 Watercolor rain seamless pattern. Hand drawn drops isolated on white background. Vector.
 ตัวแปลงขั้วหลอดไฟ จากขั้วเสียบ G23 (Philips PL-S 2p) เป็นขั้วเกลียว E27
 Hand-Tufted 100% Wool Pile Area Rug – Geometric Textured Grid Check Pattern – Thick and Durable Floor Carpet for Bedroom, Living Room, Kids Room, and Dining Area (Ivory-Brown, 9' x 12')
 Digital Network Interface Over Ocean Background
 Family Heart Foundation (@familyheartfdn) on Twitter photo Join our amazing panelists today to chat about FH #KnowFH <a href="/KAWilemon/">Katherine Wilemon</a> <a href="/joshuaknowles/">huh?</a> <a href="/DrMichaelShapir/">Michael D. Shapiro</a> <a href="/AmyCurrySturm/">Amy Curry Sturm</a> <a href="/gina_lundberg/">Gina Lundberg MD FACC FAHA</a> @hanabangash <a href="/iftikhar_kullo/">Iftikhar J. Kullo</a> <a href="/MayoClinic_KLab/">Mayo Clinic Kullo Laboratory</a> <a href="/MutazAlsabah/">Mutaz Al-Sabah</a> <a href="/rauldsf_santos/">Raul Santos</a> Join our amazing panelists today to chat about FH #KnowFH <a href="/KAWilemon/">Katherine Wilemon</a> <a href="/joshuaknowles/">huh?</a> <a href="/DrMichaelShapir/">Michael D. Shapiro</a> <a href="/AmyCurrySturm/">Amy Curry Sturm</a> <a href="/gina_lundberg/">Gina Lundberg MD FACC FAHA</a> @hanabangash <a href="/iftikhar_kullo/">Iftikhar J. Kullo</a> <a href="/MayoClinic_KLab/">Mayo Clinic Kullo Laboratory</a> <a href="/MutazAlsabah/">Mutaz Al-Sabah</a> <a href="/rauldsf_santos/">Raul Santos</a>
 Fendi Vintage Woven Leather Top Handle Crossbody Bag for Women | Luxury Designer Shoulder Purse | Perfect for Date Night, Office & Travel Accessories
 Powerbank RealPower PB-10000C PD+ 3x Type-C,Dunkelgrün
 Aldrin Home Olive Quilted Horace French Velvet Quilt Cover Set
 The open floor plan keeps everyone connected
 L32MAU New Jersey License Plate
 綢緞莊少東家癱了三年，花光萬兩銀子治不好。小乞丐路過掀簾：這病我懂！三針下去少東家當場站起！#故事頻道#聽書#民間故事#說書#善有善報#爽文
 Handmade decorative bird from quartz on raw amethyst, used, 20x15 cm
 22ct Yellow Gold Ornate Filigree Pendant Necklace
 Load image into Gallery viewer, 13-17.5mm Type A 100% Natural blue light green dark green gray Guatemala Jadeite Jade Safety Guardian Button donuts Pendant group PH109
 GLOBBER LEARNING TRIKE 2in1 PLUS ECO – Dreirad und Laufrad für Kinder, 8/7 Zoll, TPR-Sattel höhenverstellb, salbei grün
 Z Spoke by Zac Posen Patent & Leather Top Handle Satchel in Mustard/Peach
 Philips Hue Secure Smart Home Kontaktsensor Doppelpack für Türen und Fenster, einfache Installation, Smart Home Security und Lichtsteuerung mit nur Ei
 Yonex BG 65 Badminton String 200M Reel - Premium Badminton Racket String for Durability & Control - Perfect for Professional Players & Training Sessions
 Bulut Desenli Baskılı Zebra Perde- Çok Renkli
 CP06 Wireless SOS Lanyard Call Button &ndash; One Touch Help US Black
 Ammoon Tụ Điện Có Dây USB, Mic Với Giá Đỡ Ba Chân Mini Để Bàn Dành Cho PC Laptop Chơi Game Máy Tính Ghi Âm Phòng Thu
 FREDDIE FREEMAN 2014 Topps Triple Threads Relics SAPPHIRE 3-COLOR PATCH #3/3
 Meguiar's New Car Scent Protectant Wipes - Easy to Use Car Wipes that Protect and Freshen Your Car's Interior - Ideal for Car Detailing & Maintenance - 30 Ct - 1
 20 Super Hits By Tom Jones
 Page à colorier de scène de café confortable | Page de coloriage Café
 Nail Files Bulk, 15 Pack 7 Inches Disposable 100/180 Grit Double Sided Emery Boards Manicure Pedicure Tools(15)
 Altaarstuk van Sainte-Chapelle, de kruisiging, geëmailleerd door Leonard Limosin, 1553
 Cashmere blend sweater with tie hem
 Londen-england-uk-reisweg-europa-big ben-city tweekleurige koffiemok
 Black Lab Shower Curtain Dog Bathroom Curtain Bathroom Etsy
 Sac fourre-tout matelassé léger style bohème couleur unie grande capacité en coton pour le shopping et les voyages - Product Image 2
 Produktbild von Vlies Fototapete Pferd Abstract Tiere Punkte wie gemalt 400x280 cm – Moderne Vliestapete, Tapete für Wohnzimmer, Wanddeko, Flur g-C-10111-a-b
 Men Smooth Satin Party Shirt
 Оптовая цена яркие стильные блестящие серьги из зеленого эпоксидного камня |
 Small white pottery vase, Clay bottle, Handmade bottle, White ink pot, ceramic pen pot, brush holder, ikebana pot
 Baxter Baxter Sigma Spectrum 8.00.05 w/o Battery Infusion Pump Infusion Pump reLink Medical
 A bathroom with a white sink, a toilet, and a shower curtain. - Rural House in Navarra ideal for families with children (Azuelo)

-- -- --

▶ [ACTIVITY]
The response should hold exactly the lines starting at the line with "Sac fourre-tout matelassé" and ending at the line with "Оптовая цена яркие", and no other line of the material above.

▶ [SOLUTION TO THIS EXERCISE]
 Sac fourre-tout matelassé léger style bohème couleur unie grande capacité en coton pour le shopping et les voyages - Product Image 2
 Produktbild von Vlies Fototapete Pferd Abstract Tiere Punkte wie gemalt 400x280 cm – Moderne Vliestapete, Tapete für Wohnzimmer, Wanddeko, Flur g-C-10111-a-b
 Men Smooth Satin Party Shirt
 Оптовая цена яркие стильные блестящие серьги из зеленого эпоксидного камня |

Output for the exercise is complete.